# Poudriere bulk builds sometimes take two attempts



## kjpetrie (Oct 24, 2019)

This morning three packages failed to build and another four were skipped. The failed packages were devel/icu, devel/pcre2 and www/py-requests-toolbelt. I ran poudriere bulk manually and the seven packages were all built on the second run. This is not the first time failed builds have been corrected by a second run.
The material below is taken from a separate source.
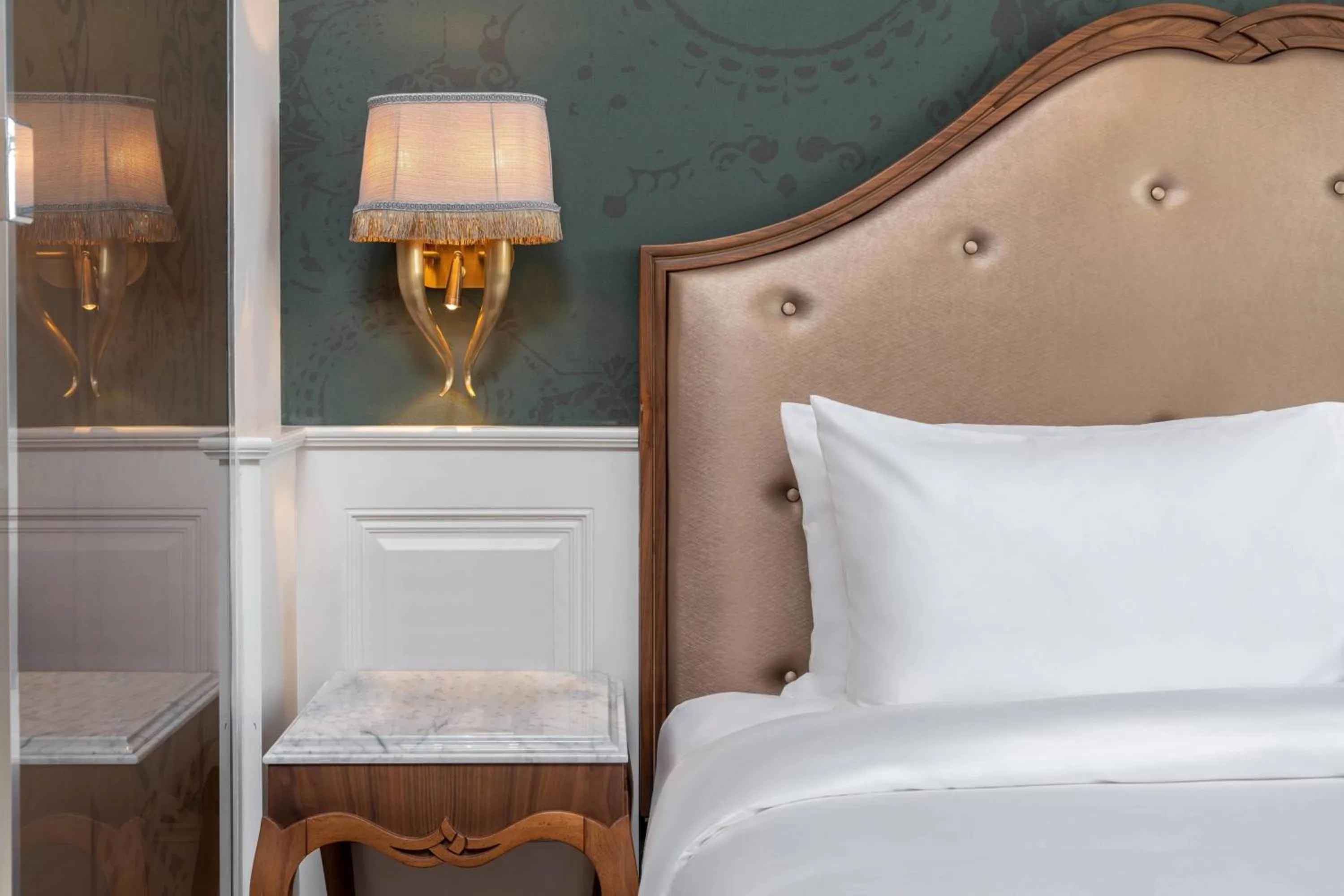 Photo of the whole room, Bed in Orientbank Hotel Istanbul, Autograph Collection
Would I be right in thinking this suggests poudriere had got the order for building these packages wrong and that this could reflect missing information on build requirements in the ports concerned?


----------



## SirDice (Oct 24, 2019)

Post the failing build logs so we can see why they failed. Please use something like misc/pastebinit as these logs are typically rather large.


----------



## kjpetrie (Oct 24, 2019)

icu-65.1,1.log
pcre2-10.33.log
py36-requests-toolbelt-0.8.0_1.log


----------



## shkhln (Oct 24, 2019)

> c++: error: unable to execute command: Killed
> …
> build of devel/icu | icu-65.1,1 ended at Thu Oct 24 10:01:13 BST 2019





> Child process pid=94630 terminated abnormally: Killed
> …
> build of www/py-requests-toolbelt | py36-requests-toolbelt-0.8.0_1 ended at Thu Oct 24 10:01:14 BST 2019



Not enough RAM?


----------



## kjpetrie (Oct 24, 2019)

This VM has over 4GB RAM, but with 8 processors building in parallel maybe that's not enough for every eventuality. It's possible, I suppose. The simultaneous failure of two builds could suggest a resource problem. It certainly suggests an external cause rather than a problem in the ports themselves, come to think of it.


----------